The day ended a little earlier than usual, with the organizing committee arranging three tours for conference participants. The city centre tour turned out to be very dynamic with the guide giving a glimpse into how proud people of Grenoble are of the city’s history. All the tours converged at the restaurant le Téléférique, which hosted the conference banquet. The cable car ride to the top of the hill and the breath-taking view of the city from the top were just a start to the amazing evening. Several awards were announced during the banquet. While the work on ‘Statistical Stemmers: A Reproducibility Study’ by Gianmaria Silvello et al. received the best paper award, Ricardo Campos et al. were voted for the best poster award for “A Text Feature based Automatic Keyword Extraction Method for Single Documents”. ECIR 2018 Test of time award was also announced. Fabrizio Silvestri was chosen for this award for his work on “Sorting out the documents identifier assignment problem”. Ben Carterette et al. were presented the Test of Time Honorable mention award for their paper “Here or There: Preference Judgements for Relevance”.
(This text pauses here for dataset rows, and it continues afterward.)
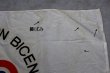 画像10: dp-250320-20 AMERICAN REVOLUTION BICENTENNIAL 1776-1976 FLAG
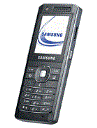 Best available price of Samsung Z150 in Aims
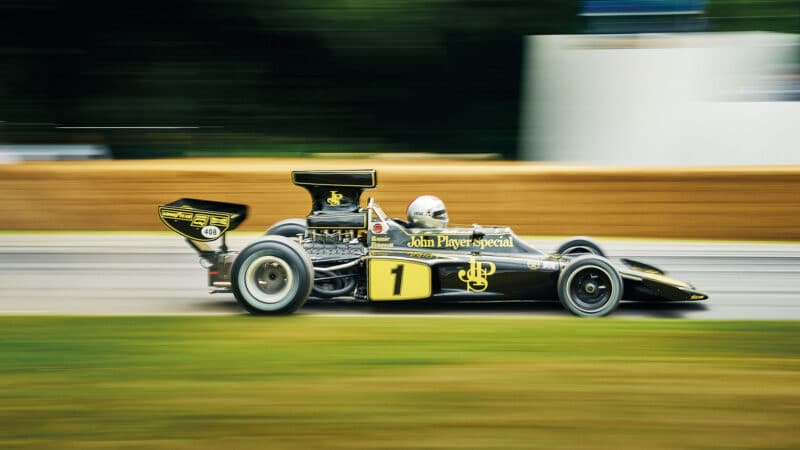 Festival-of-Speed-2022,-Lotus-728,-Ph.-by-Dominic-James.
Another day ended with several participants staying back late into the night until finally being requested to leave. Nonetheless, the party continued late into the night at the pub ‘Shakesbeer’ which, for some reasons, had become popular among the conference participants.
Day 4: 29th March 2018
The final day of the conference started with Radim Řehůřek delivering the Industry day Keynote talk, where he talked about his take on how the research, business and open source communities can work together. Radim raised several important concerns and pointed out the gaps that still exist between the way academic research functions and the actual needs of industry. He also shared his experience and insights from a decade of work in building NLP and ML solutions, and the underlying difficulties he faced when using academic research in a practical setup. Rest of the day was divided between oral presentation sessions and Industry sessions, with both of them running in parallel. The oral sessions on last day covered topics related to ‘Classification’, ‘Micro-blogs’ and ‘Representation’.
The industry session turned out to be a crowd puller in the literal sense, so much so that after the initial sessions organizers decided to shift the remaining sessions to a larger amphitheatre. The session started with a panel, consisting of Julia Kiseleva, Bhaskar Mitra, Craig Macdonald, Agnes van Belle and Radim Řehůřek. The panel was chaired by ‘Gabriella Kazai’. The panel discussed various challenges that are faced when using academic research in production in a commercial setup. This was followed by presentations from candidates from several companies including the likes of ‘Facebook’, ‘Bloomberg’ and ‘myTaxi’, over the day. After three days of ‘academic‘ presentations, it was indeed refreshing to listen to a very different perspective, with most speakers talking about the types of challenges faced in the industry, and how industry and academia can work together in solving them. The day ended with the usual note of thanks and announcement of ECIR 2019 which will take place in Cologne, Germany.